[Source records]
[Start of section]
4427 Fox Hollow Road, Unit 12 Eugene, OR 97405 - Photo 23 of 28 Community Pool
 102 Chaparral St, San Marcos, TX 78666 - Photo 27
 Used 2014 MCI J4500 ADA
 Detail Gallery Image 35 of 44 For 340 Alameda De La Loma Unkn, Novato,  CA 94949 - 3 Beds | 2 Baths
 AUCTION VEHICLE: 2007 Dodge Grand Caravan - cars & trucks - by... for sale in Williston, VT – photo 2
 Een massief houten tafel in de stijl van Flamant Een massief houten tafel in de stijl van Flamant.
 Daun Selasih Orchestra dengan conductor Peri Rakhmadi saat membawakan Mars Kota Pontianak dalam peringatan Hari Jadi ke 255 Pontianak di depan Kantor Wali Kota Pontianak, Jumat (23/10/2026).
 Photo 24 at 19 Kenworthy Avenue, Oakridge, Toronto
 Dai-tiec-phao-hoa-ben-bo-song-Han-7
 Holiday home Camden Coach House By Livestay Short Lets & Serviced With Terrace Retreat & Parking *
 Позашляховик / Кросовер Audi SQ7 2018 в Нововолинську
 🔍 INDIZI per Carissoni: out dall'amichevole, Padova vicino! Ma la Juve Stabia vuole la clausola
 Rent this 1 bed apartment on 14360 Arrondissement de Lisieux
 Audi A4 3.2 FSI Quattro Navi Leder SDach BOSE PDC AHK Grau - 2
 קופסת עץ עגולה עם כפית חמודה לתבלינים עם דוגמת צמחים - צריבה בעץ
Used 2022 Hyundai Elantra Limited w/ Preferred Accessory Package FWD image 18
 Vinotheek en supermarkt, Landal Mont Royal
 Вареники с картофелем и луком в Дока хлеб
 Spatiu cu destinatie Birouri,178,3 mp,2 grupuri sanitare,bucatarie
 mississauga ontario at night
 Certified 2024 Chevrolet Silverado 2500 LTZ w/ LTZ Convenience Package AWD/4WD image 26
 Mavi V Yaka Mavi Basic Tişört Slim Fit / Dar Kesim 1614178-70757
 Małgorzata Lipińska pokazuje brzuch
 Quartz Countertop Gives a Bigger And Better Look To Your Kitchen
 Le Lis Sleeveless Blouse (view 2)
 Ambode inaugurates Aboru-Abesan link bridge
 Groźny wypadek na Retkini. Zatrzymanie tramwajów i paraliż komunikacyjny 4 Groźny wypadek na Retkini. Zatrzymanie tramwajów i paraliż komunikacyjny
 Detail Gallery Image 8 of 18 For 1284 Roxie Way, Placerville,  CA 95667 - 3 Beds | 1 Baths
[End of section]
Every line of the entries above that includes "Audi" should be copied.

-- SOLUTION FOR THIS PROBLEM --
 Позашляховик / Кросовер Audi SQ7 2018 в Нововолинську
 Audi A4 3.2 FSI Quattro Navi Leder SDach BOSE PDC AHK Grau - 2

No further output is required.